TASK PROMPT: All that is wanted is a word-for-word retyping of the lines from the one containing "Glam Kristallen Wide Jeans detail kristallen" through the end of the material below.

GIVEN DATA:
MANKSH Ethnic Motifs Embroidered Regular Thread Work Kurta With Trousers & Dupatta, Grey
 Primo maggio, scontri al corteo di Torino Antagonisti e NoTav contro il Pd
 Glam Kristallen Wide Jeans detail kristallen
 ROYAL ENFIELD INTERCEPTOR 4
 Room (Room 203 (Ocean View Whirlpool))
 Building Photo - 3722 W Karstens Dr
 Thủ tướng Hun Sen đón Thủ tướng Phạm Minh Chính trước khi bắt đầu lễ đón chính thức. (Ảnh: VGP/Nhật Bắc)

SOLUTION:
 Glam Kristallen Wide Jeans detail kristallen
 ROYAL ENFIELD INTERCEPTOR 4
 Room (Room 203 (Ocean View Whirlpool))
 Building Photo - 3722 W Karstens Dr
 Thủ tướng Hun Sen đón Thủ tướng Phạm Minh Chính trước khi bắt đầu lễ đón chính thức. (Ảnh: VGP/Nhật Bắc)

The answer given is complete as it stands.